Wyva
Senior Member (Voting Rights)
Anna Szente, Ákos Arató, Husamalddin Ali Alhour, Gábor Perlaki, Gergely Orsi, Szilvia Anett Nagy, Eszter Áfra, Barnabás Dudás, Dalma Tényi, Péter Barsi, Norbert Kovács, József Janszky & Gergely Darnai
We administered mental health–related questionnaires assessing fatigue and sleep disturbances, performed neuropsychological tests and analysed resting-state functional connectivity using multivariate pattern analysis. Our results indicate no cognitive dysfunction in the post-infection group, but alterations in functional connectivity manifested as mixed hyper- and hypoconnectivity compared to the control group. Altered resting-state functional connectivity might be an adaptive neural response to structural alterations, as seen in viral infections in general.
Our results suggest that despite the lack of any neurological complaints or neurocognitive signs, the presence of increased and decreased functional connectivity might be a part of natural recovery from mild COVID-19 infection or the sign of ongoing post-COVID neurological sequele.

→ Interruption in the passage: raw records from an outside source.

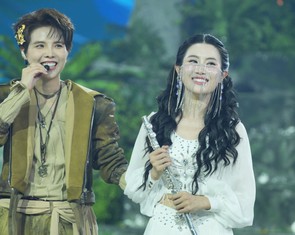 Đội Vũ Cát Tường và B Ray quyết chiến trong Anh trai say hi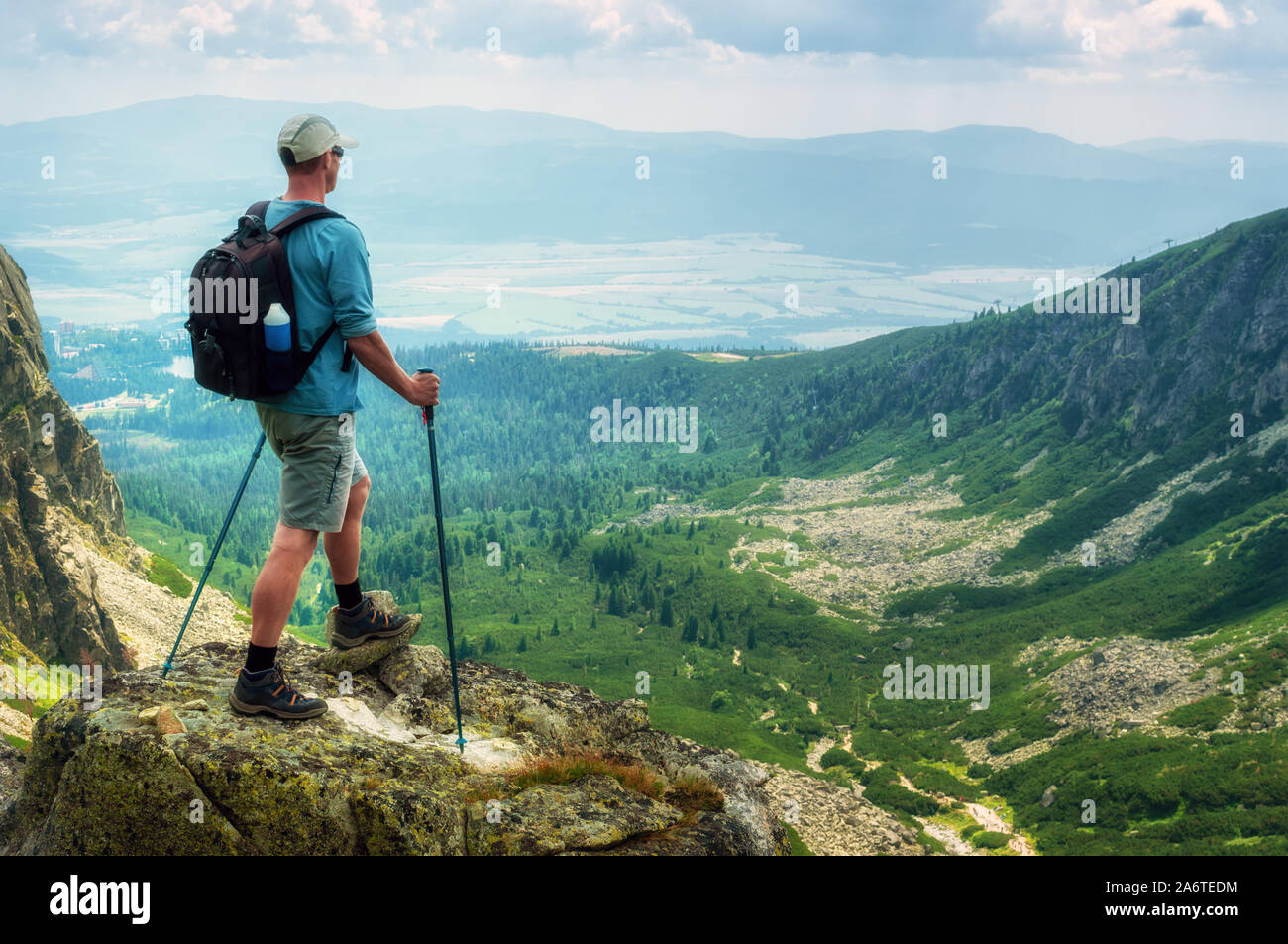 Escursionista con zaino sulla cima della montagna Foto Stock
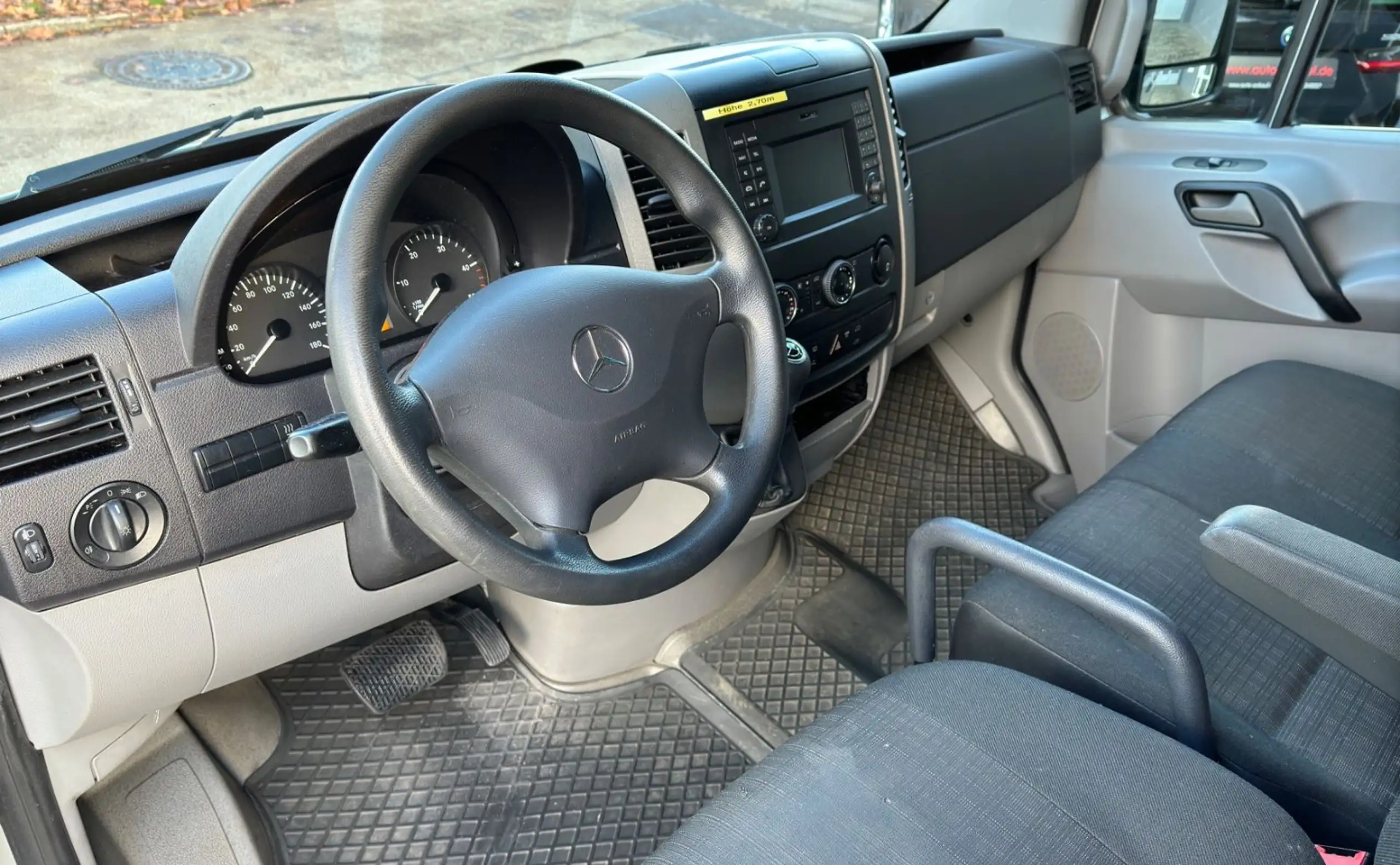 Mercedes-Benz - Sprinter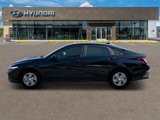 New 2025 Hyundai Elantra SE image 3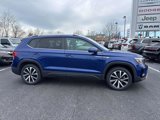 Used 2022 Volkswagen Taos SE image 2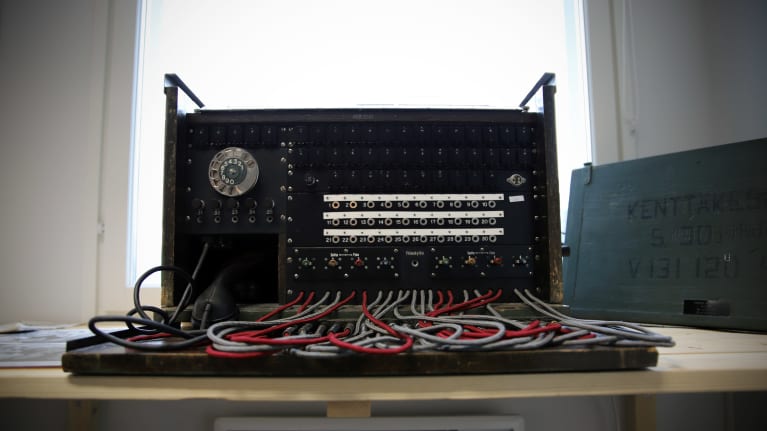 Vanhaa radio- ja puhelinteknologiaa Närpiön kotiseutumuseossa Stella Polaris -näyttelyssä.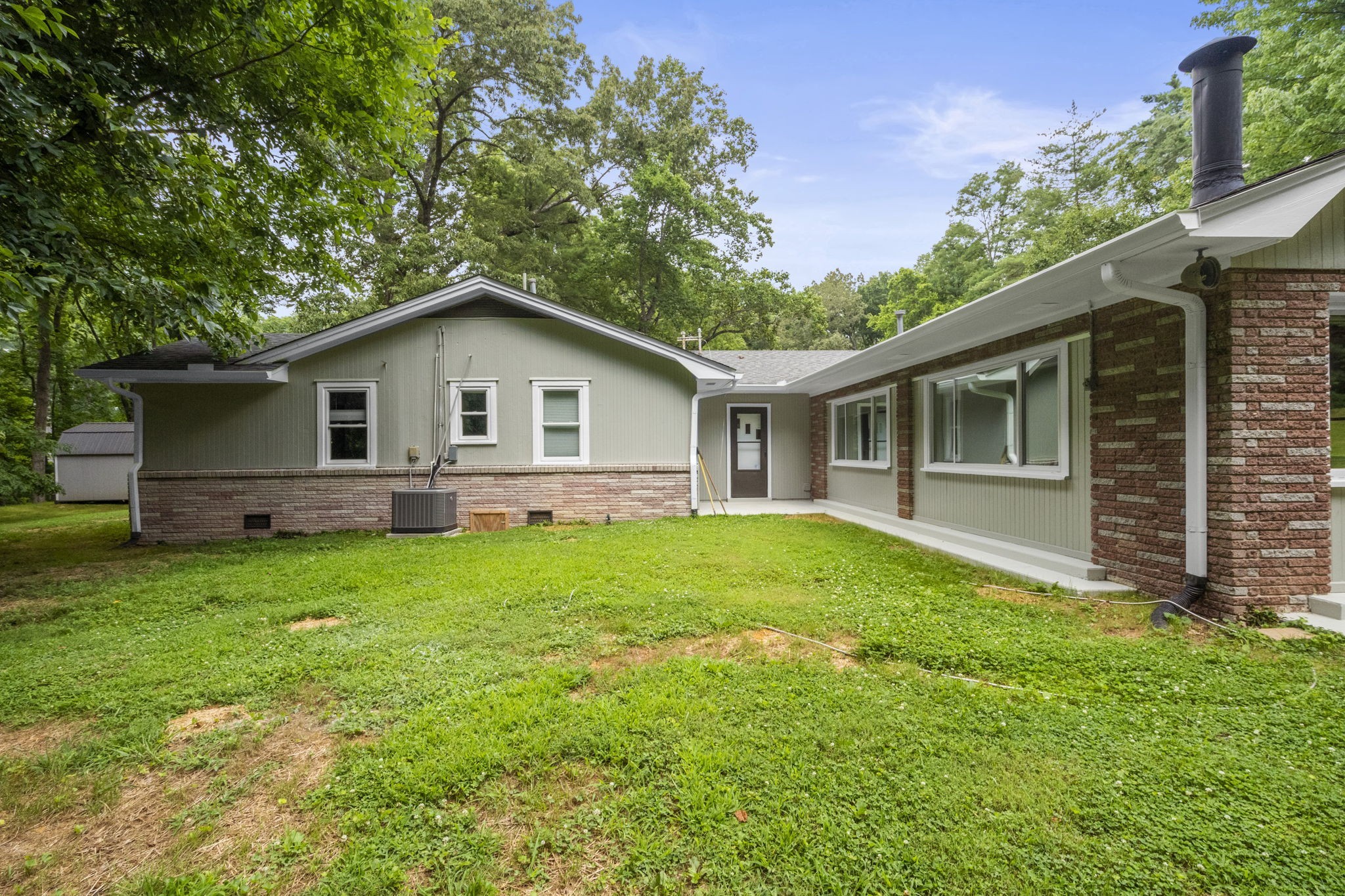 132 Highland Dr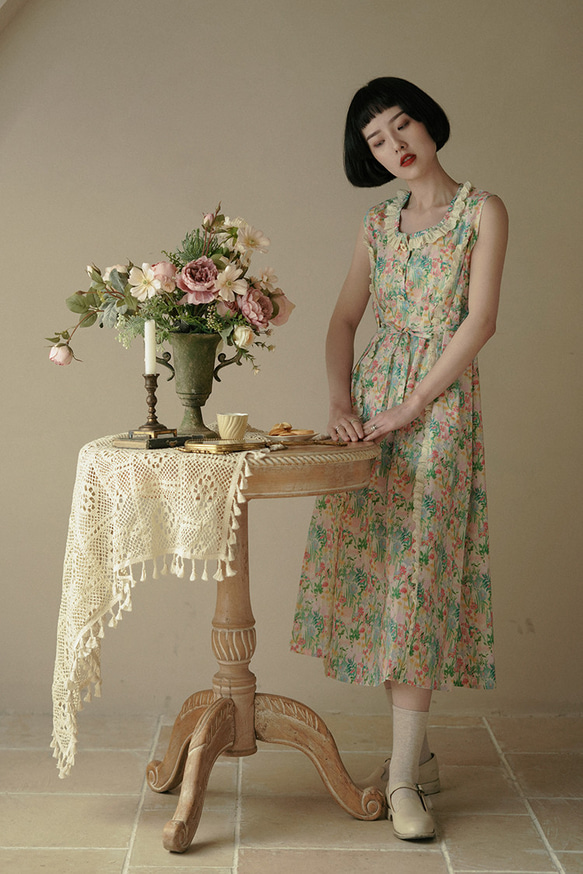 花花綠綠的夏天 U領刺綉花邊碎花無袖洋裝 後腰繫帶無袖連身裙 第10張的照片
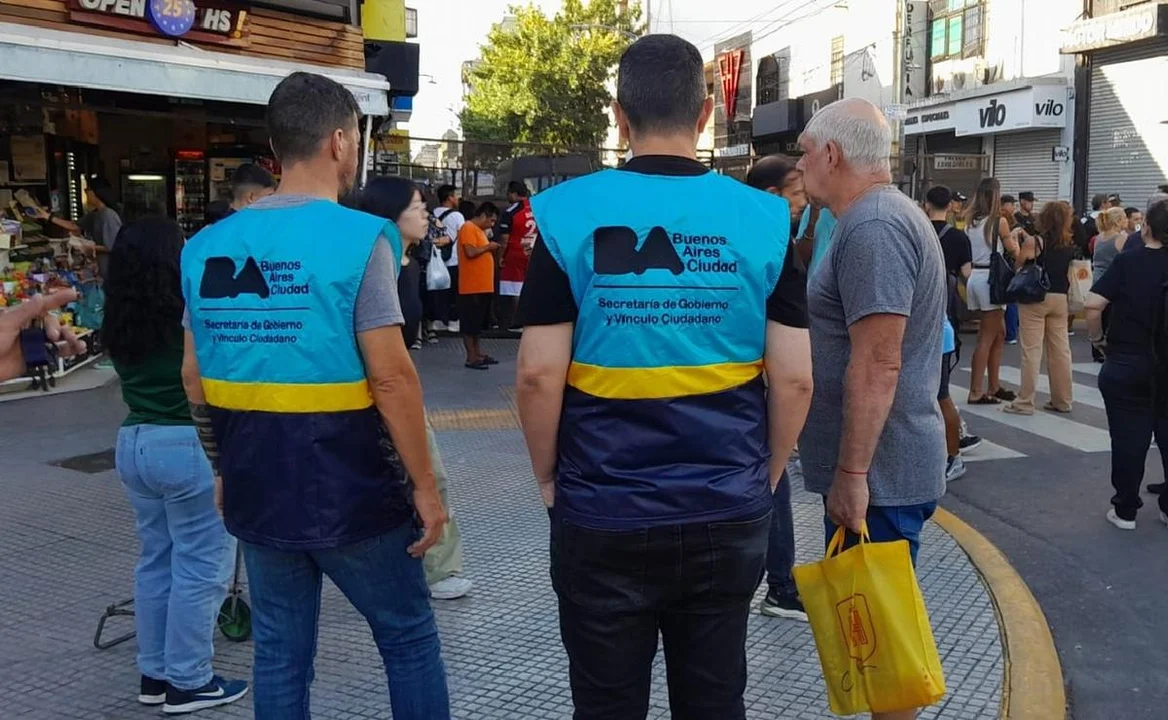 Desalojan a 5,000 manteros en Flores mediante un gran operativo policial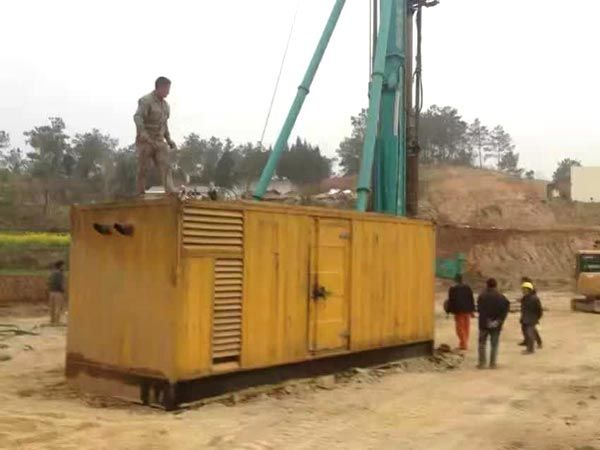 繁昌如何判断水冷式机油散热器密封件是否需要更换？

Open access (full text can be downloaded in PDF): https://link.springer.com/article/10.1186/s12879-025-12273-8
Abstract
The long-term effects of coronavirus disease 2019 (COVID-19) are more pronounced after severe infection, although years after the pandemic was declared, long-term neurological complications after mild infection have begun to unfold. The most common complaints include fatigue and cognitive disturbances. Brain imaging techniques have also revealed structural and functional alterations. In the present study, we included 40 subjects who recovered after mild COVID infection and 36 healthy control subjects.We administered mental health–related questionnaires assessing fatigue and sleep disturbances, performed neuropsychological tests and analysed resting-state functional connectivity using multivariate pattern analysis. Our results indicate no cognitive dysfunction in the post-infection group, but alterations in functional connectivity manifested as mixed hyper- and hypoconnectivity compared to the control group. Altered resting-state functional connectivity might be an adaptive neural response to structural alterations, as seen in viral infections in general.
Our results suggest that despite the lack of any neurological complaints or neurocognitive signs, the presence of increased and decreased functional connectivity might be a part of natural recovery from mild COVID-19 infection or the sign of ongoing post-COVID neurological sequele.